Price – the offer price should reflect the true market value of the home you want to buy. I will do a market analysis to determine the sale price of similar homes in the area. The results of this market research will help guide your offer price decision.
Terms – the other financial and timing factors that will be included in the offer.
There are eight categories of terms in NC’’s Offer to Purchase and Contract:
- Schedule – a schedule of events that has to happen before closing. In North Carolina, the schedule includes the due diligence period end date, the date for payment of additional earnest money (if applicable), and the anticipated closing date.
- Due Diligence Fee – a fee paid to the seller by the buyer to allow the buyer a period of time to thoroughly inspect the property before committing to the purchase. During the due diligence period, the buyer must obtain any financing needed to purchase the property. The buyer can back out of the contract at any time during the due diligence period with a full refund of the earnest money.
- Earnest Money – money paid into a trust account for the protection of the seller. This money is considered liquidated damages to the seller if the buyer unexpectedly pulls out of the deal after the due diligence period. It also makes a statement about the seriousness of the offer. The due diligence fee and earnest money are deducted from the sales price to determine the amount due from the buyer at closing.
- Home Owners Associations and Special Assessments – dues for Home Owners Associations and/or special assessments can add significant costs to the ownership of a particular property. The North Carolina Offer to Purchase and Contract specifies these costs so that the buyer can make a reasonable assessment of the monthly costs associated with ownership of a particular property.

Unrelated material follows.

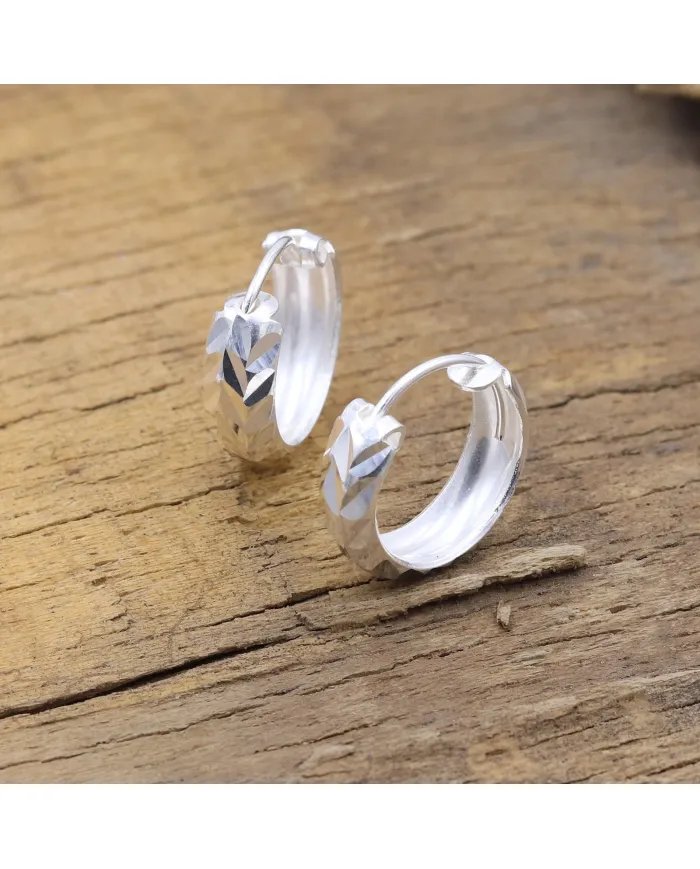 Silver Hoop Earrings - 925 Sterling Silver Handmade Minimalist Jewelry for Women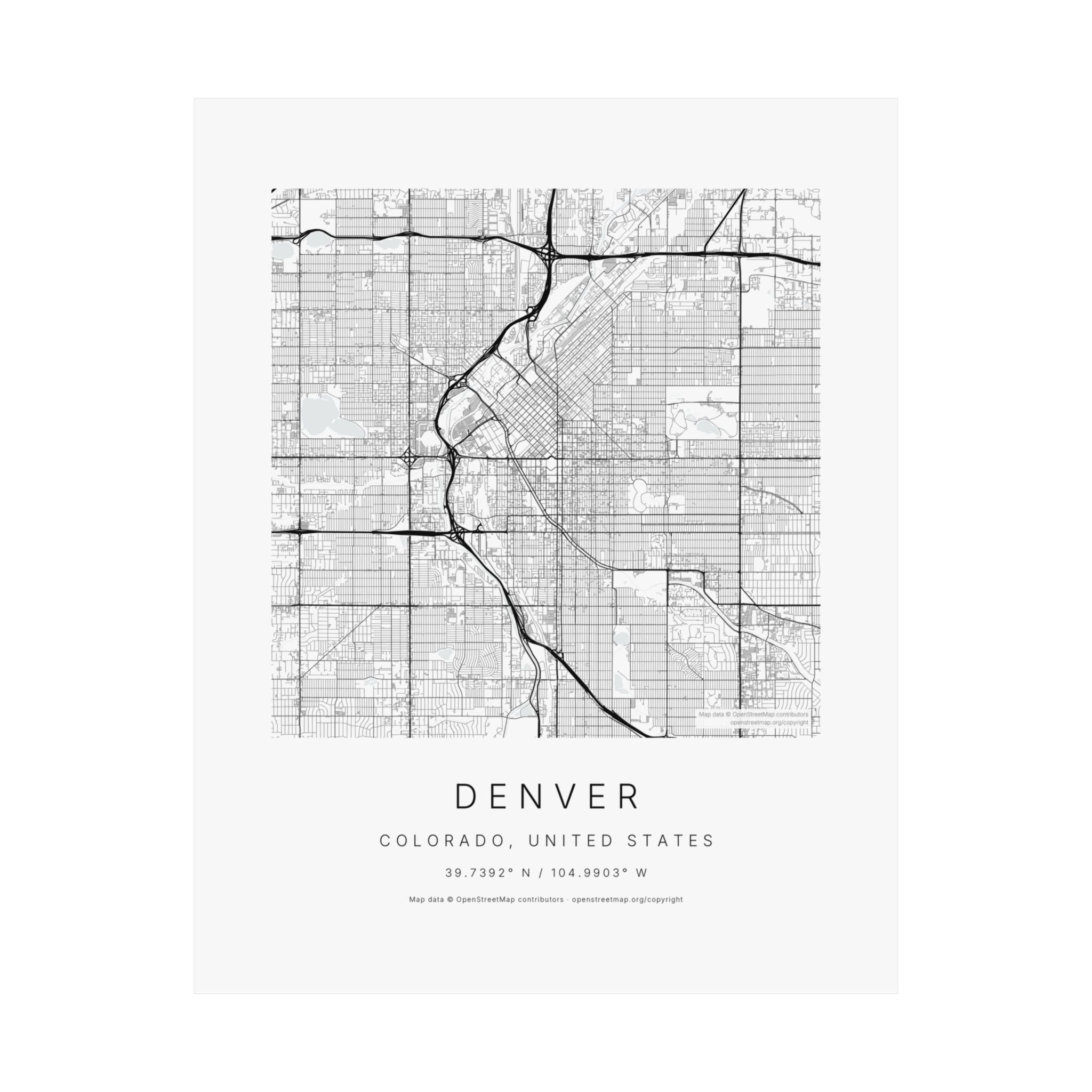 Denver, Colorado City Map Print — Minimalist Street Map Wall Art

- Conveyances – the items that stay with the house when the sellers leave.
- Contingencies – the only contingency in North Carolina’s Offer to Purchase and Contract is for the buyer’s sale of his/her current home.
- Home warranty – this covers repairs or replacement of appliances and major systems. You may ask the seller to pay for a home warranty.
- Closing costs – it is standard for buyers to pay their closing costs, but if you want the sellers to pay some or all of the closing costs, we need to write that into the contract.
Once we have completed the Offer to Purchase, you will sign the offer. I will then present the offer to the listing agent who in turn will present it to the seller. The seller can accept the offer as written, reject the offer completely or counter the offer. If the seller counters the offer, the the original offer is not longer valid and you (the buyer) have the same choices of accepting, rejecting or countering. Once the price and terms of the negotiated offer are acceptable to both the seller and you, the buyer, the Offer to Purchase and Contract with the negotiated price and terms will be signed by both parties. At that time, you must pay the due diligence fee to the seller and the earnest money to the trust account in accordance with the contract terms.